La povertà spirituale dell’uomo, mai come in questi tempi, abbisogna di costanti ripensamenti e di conseguenziali azioni produttive, di fatto. Ed in questo la funzione ed il ruolo deontologico di chi ne detiene, a giusto titolo, la possibilità di divulgazione dei fatti, ne è chiamato a fare delle proposte non partigiane, ma oculate e favorevolmente destinate ad un rinnovamento dell’assetto sociale più equo e sostenibile.
Proposte di intervento
Esse, per contrastare efficacemente la spirale di violenza giovanile o meno, è necessario che siano adottate in un approccio multidimensionale, che includano: l’introduzione di programmi educativi nelle scuole per promuovere la cultura della non violenza e della legalità, mettendo al centro il dialogo e la gestione dei conflitti; il coinvolgimento di esperti di mediazione culturale per lavorare con giovani di diverse provenienze, riducendo tensioni legate a questioni etniche o di integrazione. Inoltre è più che mai essenziale: investire nella riqualificazione delle periferie, creando spazi pubblici sicuri e inclusivi dove i giovani possano incontrarsi e partecipare ad attività sportive, culturali o formative; promuovere progetti di co-working e iniziative imprenditoriali giovanili, per offrire prospettive occupazionali e ridurre il rischio di marginalità. Altri due fattori determinanti: coinvolgere attivamente la comunità locale nella definizione delle politiche territoriali, incentivando la collaborazione tra istituzioni, associazioni di volontariato e famiglie; creare reti di supporto per i giovani a rischio, attraverso tutoraggio, counseling e percorsi di formazione specifici; organizzare incontri periodici tra polizia, carabinieri e cittadini per migliorare la comunicazione e ridurre il clima di sfiducia reciproca; formare le forze dell’ordine sull’interazione con giovani e gruppi vulnerabili, adottando un approccio più orientato alla prevenzione che alla repressione.

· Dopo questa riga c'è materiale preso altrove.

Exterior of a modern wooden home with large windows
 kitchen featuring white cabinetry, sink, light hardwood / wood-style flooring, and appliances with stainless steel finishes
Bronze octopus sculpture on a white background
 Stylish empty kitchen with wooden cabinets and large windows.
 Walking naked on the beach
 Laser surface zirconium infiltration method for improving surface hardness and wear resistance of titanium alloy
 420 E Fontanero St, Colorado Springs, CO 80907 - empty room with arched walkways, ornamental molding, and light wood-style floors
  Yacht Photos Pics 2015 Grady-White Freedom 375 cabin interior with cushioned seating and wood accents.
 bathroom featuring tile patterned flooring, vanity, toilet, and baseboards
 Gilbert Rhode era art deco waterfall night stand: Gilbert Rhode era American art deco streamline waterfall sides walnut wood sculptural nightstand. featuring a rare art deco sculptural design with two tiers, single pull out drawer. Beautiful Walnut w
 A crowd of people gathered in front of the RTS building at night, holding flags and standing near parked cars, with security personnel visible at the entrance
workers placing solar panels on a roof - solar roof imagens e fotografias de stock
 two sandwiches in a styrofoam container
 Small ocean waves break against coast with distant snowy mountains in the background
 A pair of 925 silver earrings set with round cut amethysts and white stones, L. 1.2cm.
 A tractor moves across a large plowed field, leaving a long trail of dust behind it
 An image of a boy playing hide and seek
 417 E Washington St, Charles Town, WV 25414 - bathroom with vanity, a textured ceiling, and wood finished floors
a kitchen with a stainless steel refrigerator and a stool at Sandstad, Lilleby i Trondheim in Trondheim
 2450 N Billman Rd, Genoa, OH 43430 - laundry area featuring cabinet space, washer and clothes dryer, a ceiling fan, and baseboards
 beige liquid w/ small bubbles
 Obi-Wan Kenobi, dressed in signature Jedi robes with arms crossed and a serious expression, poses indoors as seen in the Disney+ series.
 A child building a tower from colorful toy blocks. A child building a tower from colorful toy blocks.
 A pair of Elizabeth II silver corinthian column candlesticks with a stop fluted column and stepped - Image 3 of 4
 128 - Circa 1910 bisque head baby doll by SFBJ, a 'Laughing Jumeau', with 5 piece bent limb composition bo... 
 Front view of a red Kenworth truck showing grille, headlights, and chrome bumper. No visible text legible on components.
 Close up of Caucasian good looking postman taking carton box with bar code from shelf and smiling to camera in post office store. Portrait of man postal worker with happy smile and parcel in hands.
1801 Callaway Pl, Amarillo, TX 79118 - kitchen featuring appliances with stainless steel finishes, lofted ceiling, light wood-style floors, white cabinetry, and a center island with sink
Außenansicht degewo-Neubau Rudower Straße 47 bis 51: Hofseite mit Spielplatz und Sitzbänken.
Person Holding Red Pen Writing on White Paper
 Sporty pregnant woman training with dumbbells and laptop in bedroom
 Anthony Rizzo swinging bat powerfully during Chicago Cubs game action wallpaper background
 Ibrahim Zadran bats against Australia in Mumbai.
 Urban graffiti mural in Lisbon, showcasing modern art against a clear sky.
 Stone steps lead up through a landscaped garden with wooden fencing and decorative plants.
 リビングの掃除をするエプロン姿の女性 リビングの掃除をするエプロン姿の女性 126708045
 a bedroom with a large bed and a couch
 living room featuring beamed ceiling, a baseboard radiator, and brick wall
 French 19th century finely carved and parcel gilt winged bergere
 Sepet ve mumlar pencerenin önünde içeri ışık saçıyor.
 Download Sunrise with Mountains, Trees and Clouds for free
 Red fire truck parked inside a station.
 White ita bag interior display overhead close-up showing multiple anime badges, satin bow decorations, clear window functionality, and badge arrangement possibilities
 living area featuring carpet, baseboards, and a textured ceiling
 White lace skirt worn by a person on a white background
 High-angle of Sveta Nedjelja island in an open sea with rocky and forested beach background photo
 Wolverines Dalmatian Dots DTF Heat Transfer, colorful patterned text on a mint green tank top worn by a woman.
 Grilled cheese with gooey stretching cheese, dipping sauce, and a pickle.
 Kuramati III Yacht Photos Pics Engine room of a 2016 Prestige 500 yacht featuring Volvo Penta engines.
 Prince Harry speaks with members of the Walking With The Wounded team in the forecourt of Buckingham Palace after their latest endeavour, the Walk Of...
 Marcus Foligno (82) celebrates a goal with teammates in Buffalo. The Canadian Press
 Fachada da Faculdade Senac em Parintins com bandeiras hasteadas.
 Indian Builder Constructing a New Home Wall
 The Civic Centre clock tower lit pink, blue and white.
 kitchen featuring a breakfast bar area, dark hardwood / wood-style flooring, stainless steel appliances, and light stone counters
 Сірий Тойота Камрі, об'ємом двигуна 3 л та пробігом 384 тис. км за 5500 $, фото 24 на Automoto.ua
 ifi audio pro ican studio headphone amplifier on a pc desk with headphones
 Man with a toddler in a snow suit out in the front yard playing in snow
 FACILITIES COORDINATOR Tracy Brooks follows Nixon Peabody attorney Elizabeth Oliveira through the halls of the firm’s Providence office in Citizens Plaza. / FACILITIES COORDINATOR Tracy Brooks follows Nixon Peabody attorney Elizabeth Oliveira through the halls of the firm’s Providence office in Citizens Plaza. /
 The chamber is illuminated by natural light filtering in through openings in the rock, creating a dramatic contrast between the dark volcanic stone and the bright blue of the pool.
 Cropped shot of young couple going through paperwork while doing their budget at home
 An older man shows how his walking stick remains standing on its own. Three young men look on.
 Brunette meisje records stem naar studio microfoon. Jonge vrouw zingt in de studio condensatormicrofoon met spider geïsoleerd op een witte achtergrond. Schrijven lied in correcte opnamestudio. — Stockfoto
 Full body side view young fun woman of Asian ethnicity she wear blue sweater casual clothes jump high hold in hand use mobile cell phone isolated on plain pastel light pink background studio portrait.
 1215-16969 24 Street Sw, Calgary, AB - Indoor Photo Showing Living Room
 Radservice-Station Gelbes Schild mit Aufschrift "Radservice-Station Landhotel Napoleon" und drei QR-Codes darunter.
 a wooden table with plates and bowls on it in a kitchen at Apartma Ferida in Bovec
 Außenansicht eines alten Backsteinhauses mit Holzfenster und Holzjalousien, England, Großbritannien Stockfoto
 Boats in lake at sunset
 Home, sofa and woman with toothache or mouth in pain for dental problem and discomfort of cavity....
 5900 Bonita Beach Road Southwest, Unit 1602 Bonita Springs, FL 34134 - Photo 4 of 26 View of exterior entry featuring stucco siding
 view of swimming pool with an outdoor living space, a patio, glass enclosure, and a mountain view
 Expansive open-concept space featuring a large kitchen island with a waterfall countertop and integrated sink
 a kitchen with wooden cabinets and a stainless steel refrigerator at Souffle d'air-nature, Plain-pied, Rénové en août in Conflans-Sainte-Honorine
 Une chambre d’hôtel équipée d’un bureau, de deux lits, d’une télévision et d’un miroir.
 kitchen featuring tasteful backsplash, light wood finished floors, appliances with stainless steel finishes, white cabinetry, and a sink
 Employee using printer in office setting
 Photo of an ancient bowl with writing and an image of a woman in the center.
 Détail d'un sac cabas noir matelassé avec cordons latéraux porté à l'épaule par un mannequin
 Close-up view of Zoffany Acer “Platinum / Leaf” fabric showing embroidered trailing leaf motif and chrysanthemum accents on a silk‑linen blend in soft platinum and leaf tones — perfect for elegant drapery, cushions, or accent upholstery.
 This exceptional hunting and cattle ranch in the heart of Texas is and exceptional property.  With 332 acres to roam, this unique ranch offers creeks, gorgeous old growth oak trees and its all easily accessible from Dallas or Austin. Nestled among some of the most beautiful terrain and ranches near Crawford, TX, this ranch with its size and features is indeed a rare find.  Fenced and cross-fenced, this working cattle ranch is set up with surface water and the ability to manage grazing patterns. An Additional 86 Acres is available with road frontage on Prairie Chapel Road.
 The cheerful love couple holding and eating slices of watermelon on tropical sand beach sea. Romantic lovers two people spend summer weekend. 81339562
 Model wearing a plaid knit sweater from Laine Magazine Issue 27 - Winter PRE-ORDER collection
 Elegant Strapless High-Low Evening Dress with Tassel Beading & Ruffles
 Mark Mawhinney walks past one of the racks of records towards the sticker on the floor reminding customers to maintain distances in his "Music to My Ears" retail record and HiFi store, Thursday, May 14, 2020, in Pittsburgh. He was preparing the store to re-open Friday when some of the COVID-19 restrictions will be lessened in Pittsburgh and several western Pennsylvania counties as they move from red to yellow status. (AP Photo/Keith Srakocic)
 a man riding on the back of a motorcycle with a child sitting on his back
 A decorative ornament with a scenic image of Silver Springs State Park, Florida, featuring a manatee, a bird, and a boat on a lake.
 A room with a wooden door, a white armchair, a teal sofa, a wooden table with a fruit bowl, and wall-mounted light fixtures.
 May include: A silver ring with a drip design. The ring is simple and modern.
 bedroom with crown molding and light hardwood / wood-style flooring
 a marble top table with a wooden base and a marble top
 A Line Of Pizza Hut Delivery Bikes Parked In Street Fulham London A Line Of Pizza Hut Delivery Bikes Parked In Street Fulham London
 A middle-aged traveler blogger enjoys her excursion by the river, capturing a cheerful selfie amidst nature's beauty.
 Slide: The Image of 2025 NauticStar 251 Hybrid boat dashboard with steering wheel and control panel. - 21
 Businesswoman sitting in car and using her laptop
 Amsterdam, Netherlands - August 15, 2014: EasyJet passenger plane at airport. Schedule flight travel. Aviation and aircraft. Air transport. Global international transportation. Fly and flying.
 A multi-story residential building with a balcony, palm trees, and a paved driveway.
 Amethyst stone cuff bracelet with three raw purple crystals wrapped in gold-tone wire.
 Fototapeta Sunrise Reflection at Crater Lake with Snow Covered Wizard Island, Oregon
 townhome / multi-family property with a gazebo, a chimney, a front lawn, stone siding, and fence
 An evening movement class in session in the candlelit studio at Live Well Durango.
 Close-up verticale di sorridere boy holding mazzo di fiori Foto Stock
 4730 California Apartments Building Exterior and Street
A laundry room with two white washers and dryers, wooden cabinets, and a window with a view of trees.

La violenza giovanile, in particolare, e più in generale la violenza in senso lato, è un sintomo di problematiche complesse e interconnesse che richiedono risposte articolate e di lungo termine. L’episodio del Corvetto non deve essere archiviato come un fatto isolato, ma considerato come uno stimolo per ripensare il ruolo delle istituzioni e della società civile nella costruzione di una città più equa e inclusiva. Solo attraverso interventi sistemici, che affrontino le cause profonde del disagio, si potrà sperare di invertire la tendenza e offrire ai giovani prospettive di futuro lontane dalla violenza.